Rabenstein Railroad Bridge (now extant)
Location: River Mulde south of the Grimma Suspension Bridge at the Rabenstein Observation Point
Type: Metal Through Truss Bridge
Built: 1876 (first crossing); replaced in 1931; destroyed in 1945; removed afterwards
When biking south along the Mulde bike trail, one will find piers and abutments of a bridge that once existed. The Rabenstein Bridge was built as part of the construction of a rail line that connected Grimma with Grossboden. The original railroad station was located adjacent to the market square. The original span, built in 1876, featured a two-span Schwedler through truss with skewed portal bracings. How the portals looked like remains unclear, but post card photos reveal how the end posts are skewed at the piers.
Because of the increase in rail traffic and the structural weakness of the bridge, the spans were replaced by multiple-span Warren through truss bridges in 1931, built with riveted connections and with I-beam portal bracings supported by heels. All but the easternmost span were imploded in April 1945 by the Nazis in an attempt to slow the advancement of Russian and American troops from the east. Grimma came under Soviet control and eventually became part of East Germany by 1949. Because of chronic material shortage, rail lines and bridges deemed expendable were removed with the steel recycled and reused for other purposes. That was the case with the rail line as it was relocated to the western side of the Mulde and up the hill making the original line useless. A new station at Leipziger Strasse near the city center was constructed which still operates to this day. The tracks of the old line and the remaining span were both removed in the 1960s, though when exactly it happened is unknown. The Mulde Bike Trail now uses the track remains along the eastern side of the river.

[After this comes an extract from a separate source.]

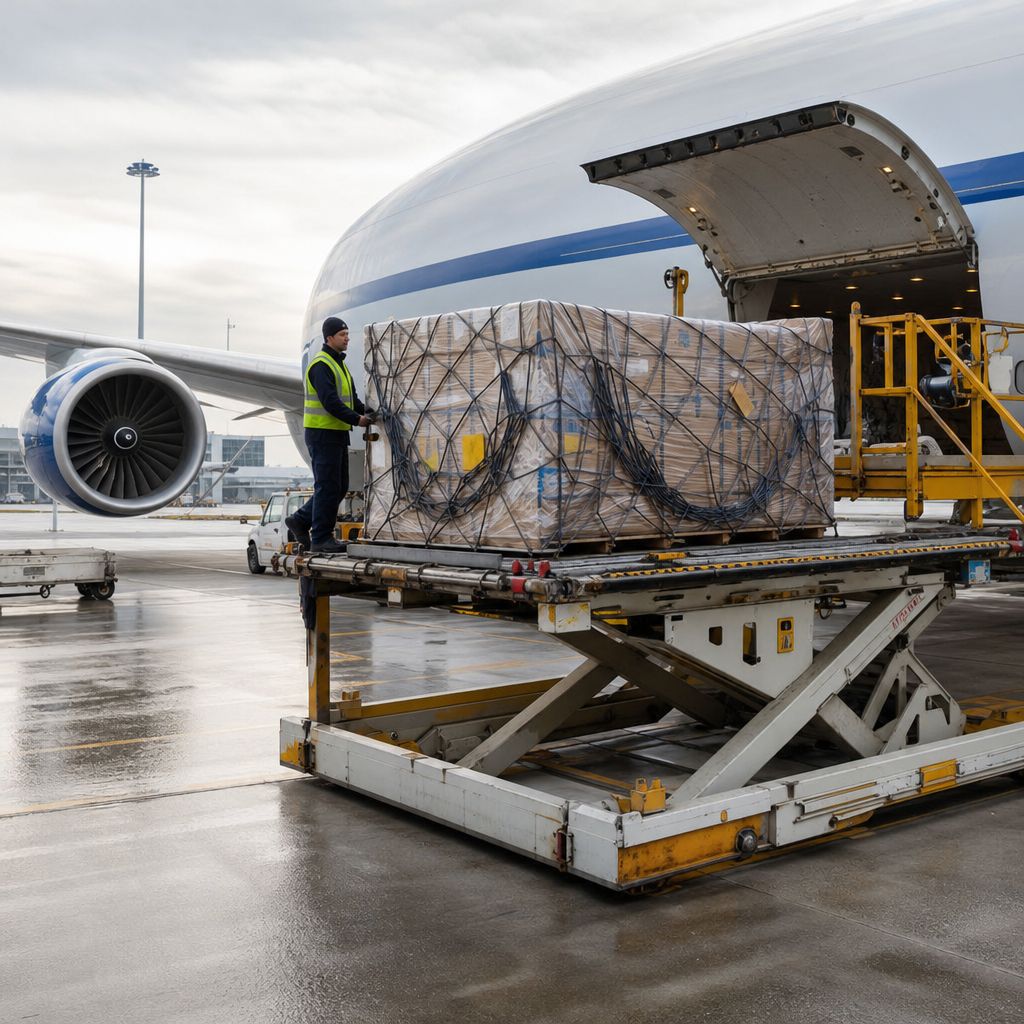 Luftfracht-Logistik Ein Bild zum Thema Luftfracht-Logistik im Transport, Logistik, Mobilität Kontext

Mulde Bike Trail Arch Bridge
Location: Small hiking path near the Grimma Dam and Suspension Bridge
Type: Stone Arch Bridge
This bridge is hard to find, unless you happen to hike the trails in the city forest on the eastern side of the River Mulde. It is unknown who was behind the design and construction of this short crossing, which is no longer than 10 meters long and 3 meters high, but it was once part of the railroad line that had passed through Grimma until 1945. It’s now a rail-to-trail that is part of the Mulde Bike Trail. When going under the bridge towards the dam, one must pay attention to the mud that exists, partially because of the water run off from the hills into the river, 30 meters away.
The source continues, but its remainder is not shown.